A 500 million-pound deal for BAE systems, Britain's biggest defence contractor, to supply Hawk jet trainers is expected to be among a string of high-profile contracts to be signed during Prime Minister David Cameron's two-day visit to India commencing on Wednesday.
There is also likely to be a major cultural agreement involving museums, 'The Observer' reported Sunday.
Cameron is taking with him seven Cabinet ministers and a huge trade delegation, including representatives from BAE as well as from Rolls-Royce, Standard Chartered Bank,construction group Balfour Beatty and the British Museum.
BAE has set up joint ventures with the state-owned Hindustan Aeronautics in Bangalore. The Indian group makes BAE's Hawk trainer aircraft under licence.
Dick Olver, BAE's Chairman, said British business needed to think about India becoming as important a trading partner as America. "We need to build a second special relationship."
According to the Sunday Telegraph, BAE Systems will announce a 500 million-pound deal to build 57 Hawk trainer jets in collaboration with their Indian partners HAL near Bangalore city in south India, as a centrepiece of Cameron's
Cameron, who will first fly to Bangalore, the hub of "infotech" and innovation, will visit along with Business Secretary Vince Cable and Climate Change Minister Greg Barker the headquarters of Infosys, the cutting edge IT firm based in the city.

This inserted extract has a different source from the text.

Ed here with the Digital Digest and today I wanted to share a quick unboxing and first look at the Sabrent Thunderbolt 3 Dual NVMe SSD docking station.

Cameron is expected to make a keynote speech there calling for an "aspirational partnership" between Britain and India.
George Osborne, the Chancellor of Exchequer, will visit Mumbai, the financial capital of India, while David Willetts,
the Universities and Science Minister, will travel to Chennai to promote university tie-ups.

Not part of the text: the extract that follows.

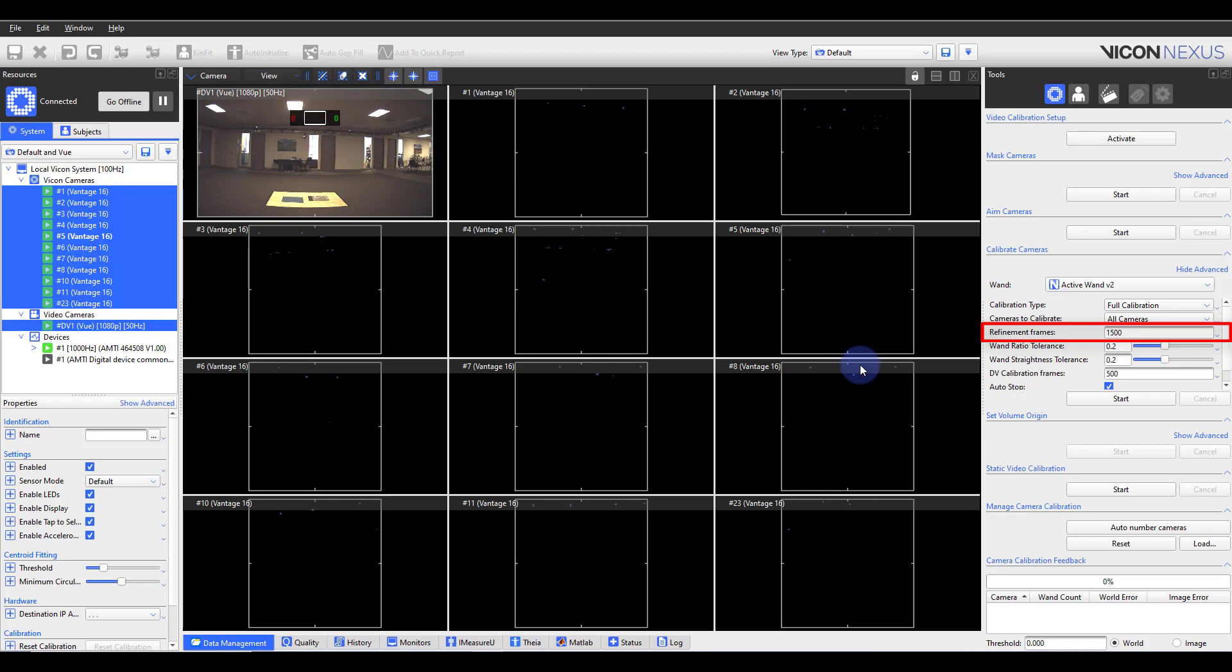This value will be dependent on the lab. You want to be able to comfortably cover your capture volume with wand waves without feeling like you were rushed to cover the space or there waving the wand for ages. In this lab space, 1500 frames gives me enough time to cover my entire capture volume comfortably.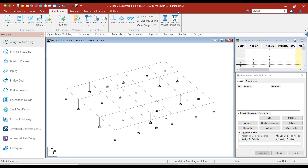Hello friends, welcome to this practical course on Stratco Software. In the previous lecture, I showed you how to customize the quick access toolbar. So let's now complete the remaining part of our model.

Meanwhile, Jeremy Hunt, the Culture and Sport Secretary, will go to Delhi, which is hosting the Commonwealth Games in October.
In Mumbai, Osborne will ring the bell to open the day's trading to the headquarters of top computer software companies.
On Thursday, Cameron will be accorded a ceremonial reception in the forecourt of the Rashtrapati Bhavan in Delhi.
Besides holding talks with his Indian counterpart Manmohan Singh, Cameron is scheduled to meet Congress leader Rahul Gandhi.
Discussions about the growing threat of LeT, the Pakistan-based terrorist group behind the Mumbai attacks in 2008, will be on the agenda of meetings between British Foreign Secretary William Hague and India's security chiefs.
Cameron and Singh will announce a new forum
of top British and Indian chief executives to explore how to dismantle regulatory barriers to trade and make recommendations to their governments.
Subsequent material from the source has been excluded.